MY IMMORTAL
2.
「何が・・・“大丈夫そうだ”だ、あのバカ野郎っ!」
聖域にいるアイオリアに向けて呪いの言葉を吐き捨てる。
沈む太陽―――。
真っ赤に染まる夕焼けの中、佇むその影はまるで・・・。
黒き翼を折られた堕天使。
いや、人の死を前に悲しんでいる死神というべきか。
幾多の屍の山を築いてきたのだろうか。
その頂に鎮座し、嘲笑っているならばまだミロの心は救われたかもしれない。
シャカは狂ってしまったのだと。
――慈悲の心はもたぬ
そう豪語した乙女座の聖闘士。
小さな子供の命さえも容赦なく奪う殺戮者と化しておきながら、自らが奪った魂の業を導くかのように安らかな祈りを捧げるシャカ。
その白い頬には一滴、また一滴と流れ落ちていく・・・涙。
「ばかやろう・・・」
ミロの心を棘で覆われた蔓が締め上げる。
もっと早くにシャカの元に訪れるべきだったのだ。
彼一人に孤独な戦いをさせるべきではなかったのだ。
すうっと地平線の彼方に消えていく太陽と共に訪れる夜の帳はしめやかな風を運ぶ。その風に押されるかのようにようやく一歩を踏み出すと、幾多の屍を超えてシャカの元へとたどりついた。
「―――聖域に戻れ。シャカ・・・」
固い表情のまま、ようやくといった感じでミロはシャカに声をかけた。ほんの少し笑むような形で口角を上げたシャカは小さく横に顔を振った。
「駄目だ、おまえはこの役から降りろ」
ぐっとシャカの肩を掴み、無理やり立たせる。こんな場所から一刻も早く、シャカを引き離したかった。
「・・・離したまえ。ミロ」
「断る。聖域に戻るぞ」
ミロの手を払おうとするシャカだが、力勝負ではミロのほうが勝っていた。聖域に瞬間移動で飛ぼうとするミロを今度はシャカが押さえ込む。

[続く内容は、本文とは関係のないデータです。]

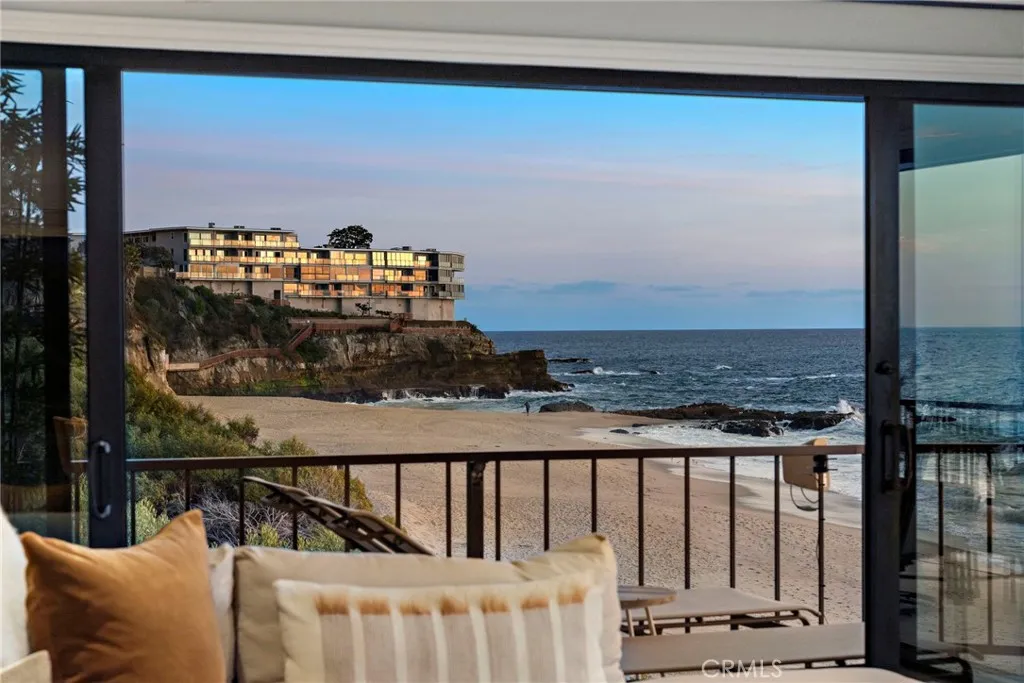 Laguna Beach, California 92651, United States, 3 Bedrooms Bedrooms, ,2 BathroomsBathrooms,Residential,Active,3132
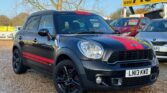 This 2013 Mini Countryman Cooper S All4 in Black is a stylish  5 door hatchback with automatic transmission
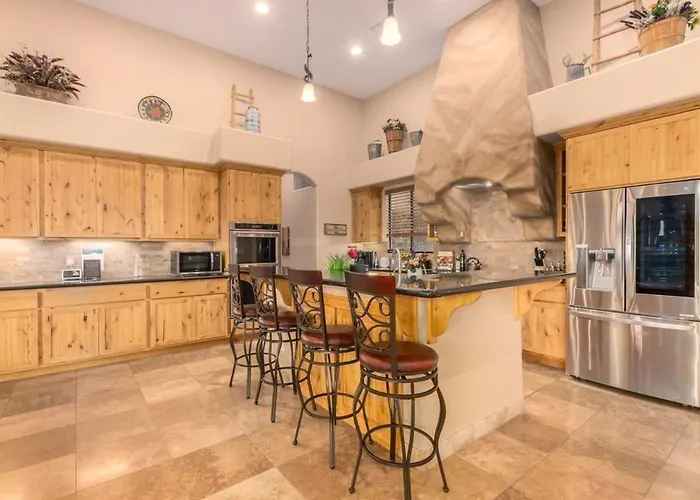 Desert Foothils Private Oasis Holiday home *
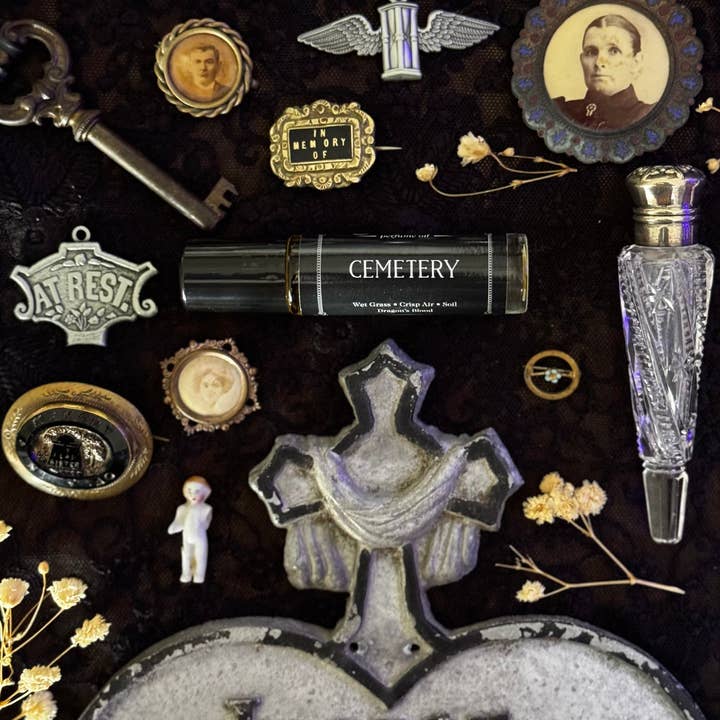 Seance - Wholesale Roll-on fragrance - Cemetery (dragon’s blood incense, earth)16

互いが互いの力で膠着状態に陥りながら、ミロは説得にかかった。
「おまえは自分がどれだけ追い詰められているのかわかっていないのか!?これ以上こんなことをしていれば、おまえ自身破滅するのが目に見えているというのに!」
「わたしのことは放っておきたまえ。君には君の役目があるであろう」
抑揚のない感情を一切喪失したかのような冷たい声はまるで死者のようだ。
「放っておけるものか。もう仲間を失うのはたくさんだ!」
ぐいとそのままシャカを抱きしめる。聖衣を通しても伝わる痩身が悲しかった。
「・・・もう、たくさんだ!」
軋みをあげるほど奥歯を噛み締めながら、ミロはシャカの肩に顔を埋めた。
「ミロ・・・」
「だから・・・少しでもいい。聖域に戻って休んでくれ。頼むから」
くぐもった声で呟くミロをまるで宥めるかのようにそっとシャカがその髪を撫でた。
何度も、何度も。
まるで誰かを愛しむかのように。そうミロが感じたのはシャカを包む空気が変化したのを敏感に感じ取ったからでもある。
シャカの心が誰かを求めている?
シャカは誰かを・・・。
「ミロ、すまない。それでもやはりわたしは聖域には戻れない」
静かに諭すかのような声音。頑なに拒まれているのに怒りさえも鎮めてしまう言霊の威力を持つシャカ。今の自分のように『他の誰か』もシャカの言葉によって、怒りを鎮め憂いも悲しみも払拭されていたのではないだろうか。
きっとシャカに心を癒されていたはず・・・。
ふと、そんな風に感じながらミロはそれでもなお食いついた。
「聖域に戻れない理由があるのか?いや・・・違うな。“戻れない”のではなくて、“戻りたくない”のだろう?」
「・・・・。」
答えないシャカの顔を見る。沈黙は「YES」を意味しているのか。
「―――わかった。聖域に戻らなくてもいい。だが、俺と一緒に来い」
「・・・どこへ?」
戸惑うようなシャカにほんの少しだけ無理やり作った笑みを浮かべてミロは答えた。
「秘密の隠れ家さ・・・。他のヤツには黙ってろよ?」
ようやくシャカが頷いたのを見て、安心したようにホッとミロは息をついた。